AVAILABLE DATA:
# # #
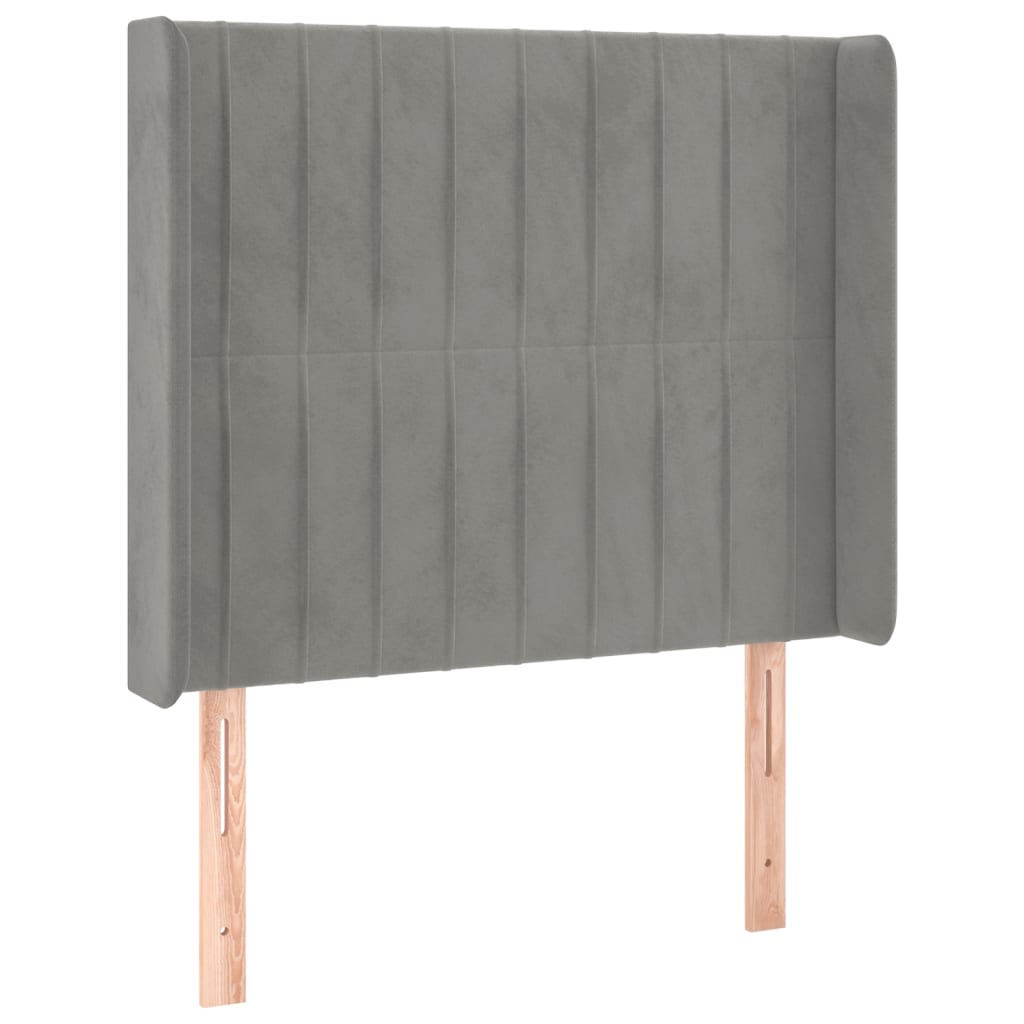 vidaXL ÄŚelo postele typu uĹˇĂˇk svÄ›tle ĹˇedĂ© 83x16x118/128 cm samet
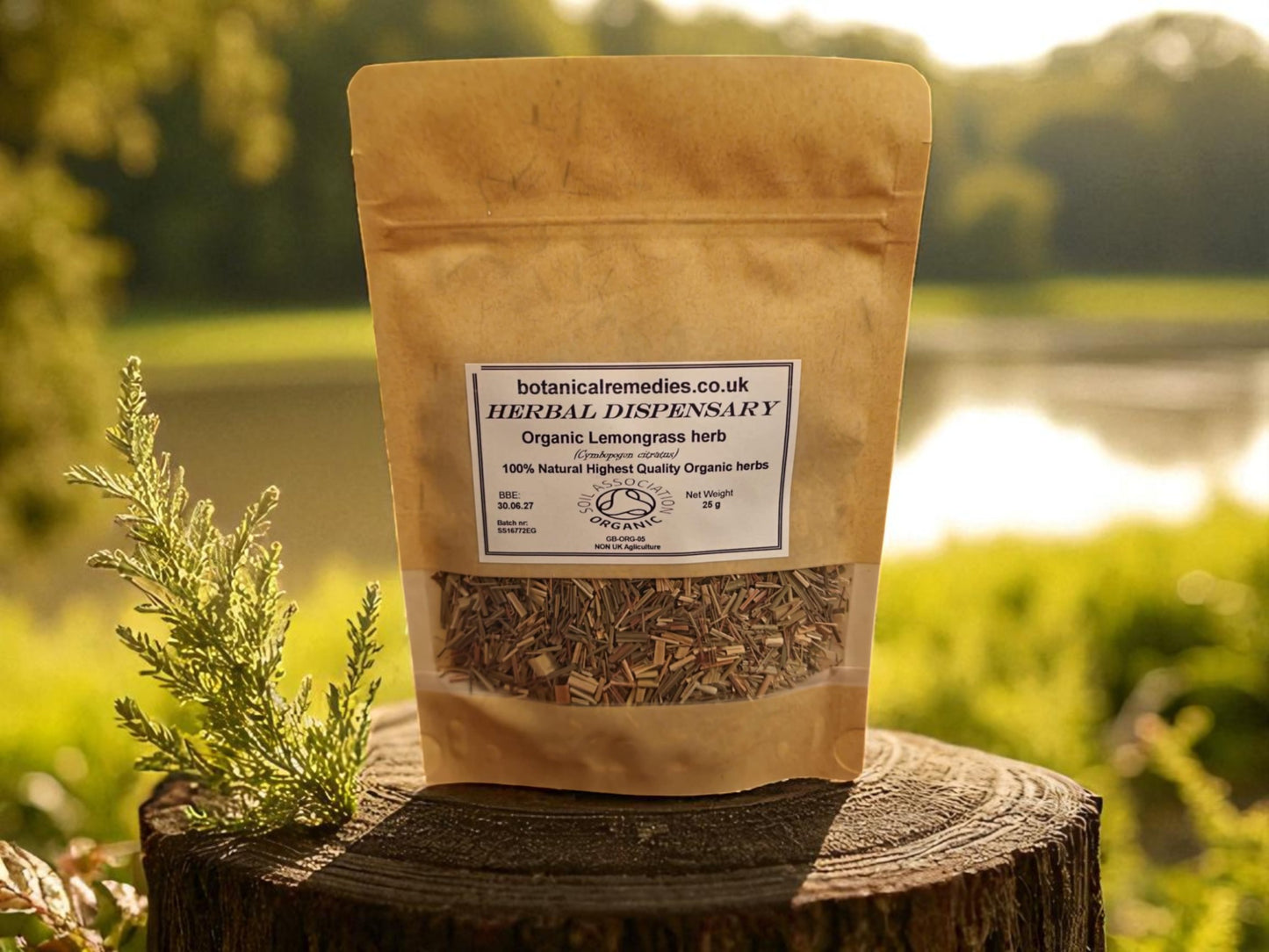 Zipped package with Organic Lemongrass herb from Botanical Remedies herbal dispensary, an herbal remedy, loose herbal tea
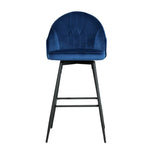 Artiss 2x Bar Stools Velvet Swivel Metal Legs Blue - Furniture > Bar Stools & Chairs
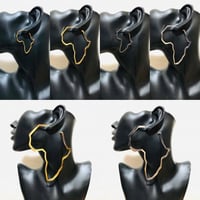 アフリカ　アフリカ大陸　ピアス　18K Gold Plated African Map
# # #
Type the listing out again word for word, passing over each picture.

RESPONSE TO THIS EXERCISE:
 vidaXL ÄŚelo postele typu uĹˇĂˇk svÄ›tle ĹˇedĂ© 83x16x118/128 cm samet
 Zipped package with Organic Lemongrass herb from Botanical Remedies herbal dispensary, an herbal remedy, loose herbal tea
 Artiss 2x Bar Stools Velvet Swivel Metal Legs Blue - Furniture > Bar Stools & Chairs
 アフリカ　アフリカ大陸　ピアス　18K Gold Plated African Map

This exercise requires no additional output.